Grâce à internet et aux réseaux sociaux, les musiciens se tournent vers de nouvelles formes de créations et la scène électro se multiplie. De nombreux groupes utilisent leurs ordinateurs dans leurs compositions comme Jungle Mico Project, le projet de Liu Wei qui est devenu incontournable des clubs pékinois depuis sa création il y a deux ans. Les artistes de la génération précédente puisent davantage dans l’héritage musical du pays en intégrant des sonorités et des instruments ancestraux.
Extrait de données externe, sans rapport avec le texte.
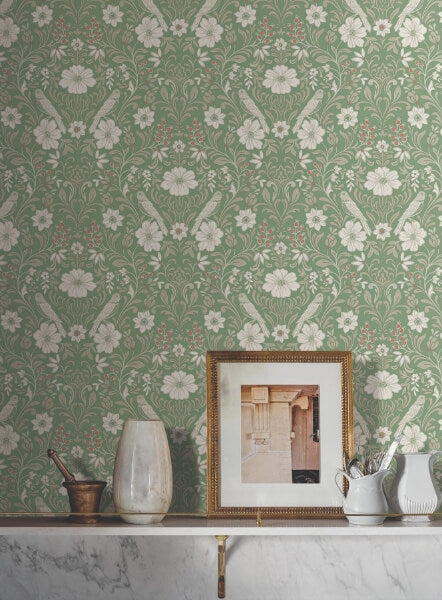 Colette Bright Green Wallpaper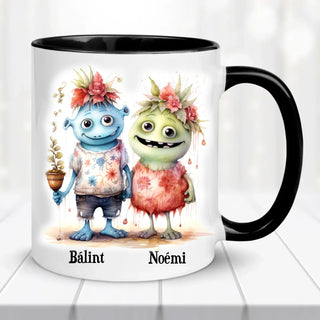 Vicces bögre – szörnyek No.2 dizájn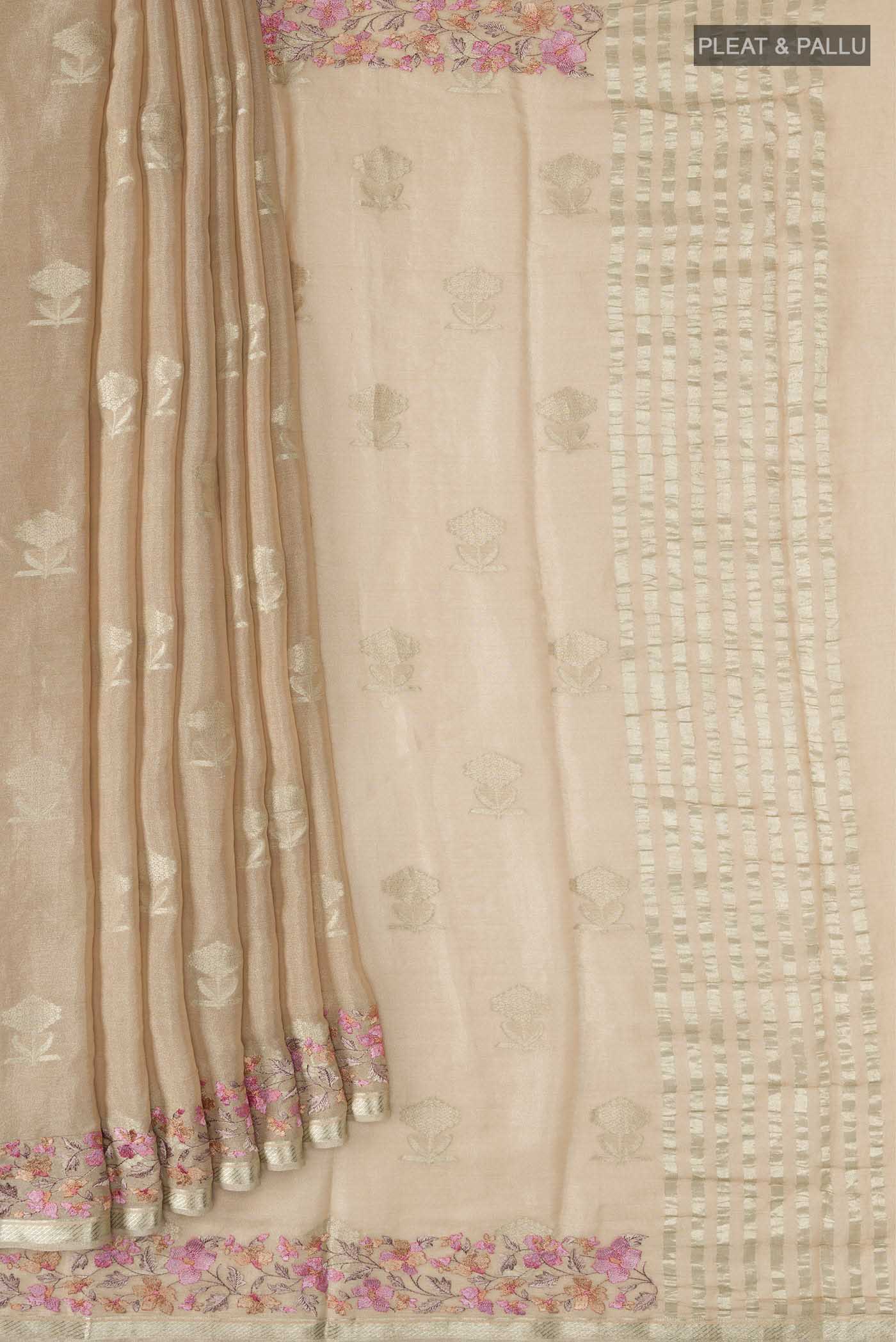 pleats pallu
Song Yuzhe, fondateur du groupe Wood Pushing Melon à la fin des années 1990 et leader de Da Wang Gang, tient une place importante dans l’univers musical chinois et fait partie de cette nouvelle scène qui utilise la musique traditionnelle pour l’intégrer dans un paysage sonore contemporain. Son folk aux notes modernes est accompagné d’images, de vidéos et de sons venant d’un autre temps et des contrées de l’Ouest chinois. Les groupes écoutent du rock et de la musique venant de l’Occident, s’intéressent aux scènes électro berlinoises mais n’oublient pas pour autant leurs racines, faisant se rencontrer la tradition et la modernité, la musique occidentale et la musique ancestrale asiatique. Le groupe Haya, fondé en 2006, revisite les anciens rythmes mongols qu’il mêle à un espace sonore moderne en utilisant des motifs musicaux nouveaux et actuels. Quand certains revisitent les sons d’antan, d’autres se détachent de la tradition à la recherche de nouvelles sonorités comme les multi-instrumentistes Li Daiguo et Meng Qi. Ces deux musiciens explorent la culture expérimentale grâce à l’improvisation et la construction de nouveaux instruments qui emmènent l’auditeur sur des chemins inexplorés.

En perpétuel mouvement, la scène musicale contemporaine gagne progressivement en diversité et ne cesse d’expérimenter de nouveaux sons sans oublier la tradition. Elle n’a jamais été aussi florissante et continue de se propager en évitant les sentiers battus de la capitale chinoise.